Apply the Kirchhoff’s voltage to the outer branch of the circuit shown in figure 2.

  $\begin{array}{l}\left(10k\right)I_4+0.7+\left(10k\right)I_4-10=0\\ I_4=\frac{10-0.7}{10k+10k}\\ =\frac{9.3}{20}\text{mA}\\ =0.465\text{mA}\end{array}$

The voltage at node $3$ of the circuit shown in figure 2 is,

  $\begin{array}{l}{v}_0=-I_4(10k)\\ =-\left(0.465\times {10}^{-3}\right)(10k)\\ =-4.65\text{V}\end{array}$

The voltage at node $4$ of the circuit shown in figure 2 is,

  $\begin{array}{l}{v}_4=I_4(10k)-10\\ =\left(0.465\times {10}^{-3}\right)(10k)-10\\ =-5.35\text{V}\end{array}$

Apply the Kirchhoff’s voltage to the input branch of the circuit shown in figure 2.

  $-10+(10k)I_3+0.7+v_1=0$

Therefore,

  $\begin{array}{l}{I}_3=\frac{10-0.7-v_1}{10k}\\ =\frac{9.3-v_1}{10k}\end{array}$

The voltage at node $2$ of the circuit shown in figure 2 is,

  $\begin{array}{l}{v}_2=-I_3(10k)+10\\ =\left(\frac{9.3-v_1}{10k}\right)(10k)+10\\ =-9.3+v_1+10\\ =v_1+0.7\end{array}$

The diode $D_2$ gets reverse biased if,

  $\begin{array}{l}{v}_2-v_0<0.7\\ (v_1+0.7)-(-4.65)<0.7\\ v_1<-4.65\text{V}\end{array}$

The diode $D_3$ gets reverse biased if,

  $\begin{array}{l}{v}_1-v_4<0.7\\ v_1-(-5.35)<0.7\\ v_1+5.35<0.7\\ v_1<-4.65\text{V}\end{array}$

Therefore, diodes $D_2$ and $D_3$ gets reverse biased for $v_1<-4.65\text{V}$

Therefore, the output voltage is constant for $v_1<-4.65\text{V}$ .

  $v_0=-4.65\text{V}$ .

Case 3:

Assume that diodes $D_1$ and $D_2$ are forward biased and diodes $D_3$ and $D_4$ are reverse biased as shown in Figure 3.

  

Figure 3

Apply the Kirchhoff’s current law at node $2$ of the circuit shown in figure 3.

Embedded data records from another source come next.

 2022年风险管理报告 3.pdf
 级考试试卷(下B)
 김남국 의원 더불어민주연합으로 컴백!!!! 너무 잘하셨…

  $\begin{array}{l}{I}_5+I_6=\frac{10-v_2}{10k}\\ I_5+\frac{v_2-0.7}{10k}=\frac{10-v_2}{10k}\\ I_5=\frac{10-v_2-v_2+0.7}{10k}\\ =\frac{10.7-2v_2}{10k}\end{array}$

The diode $D_1$ gets forward biased if,

  $\begin{array}{l}{I}_5\ge 0\\ \frac{10.7-2v_1}{10k}\ge 0\\ v_1\le 5.35\text{V}\end{array}$

Apply the Kirchhoff’s voltage law to the input branch of the circuit shown in figure 3.

  $\begin{array}{l}-v_2+0.7+v_1=0\\ v_2=0.7+v_1\end{array}$ …….(1)

The voltage across diode $D_2$ is,

  $\begin{array}{l}{v}_2-v_0=2.7\\ v_0=v_2-0.7\end{array}$

Consider equation(1).

Rewrite as,

  $\begin{array}{l}{v}_0=\left(0.7+v_1\right)-0.7\\ =v_1\end{array}$

Therefore, the output voltage is,

  $v_0=\{\begin{array}{l}-4.65\text{V},v_1<-4.65\text{V}\\ v_1,-4.65\text{V}\le v_1\le 4.65\text{V}\\ 4.65\text{V},v_1>4.65\text{V}\end{array}$

Therefore, plot $v_0$ versus $v_1$ as shown in figure 4.

  

Conclusion:

Therefore, plot of $v_0$ versus $v_1$ is drawn as shown in Figure 4.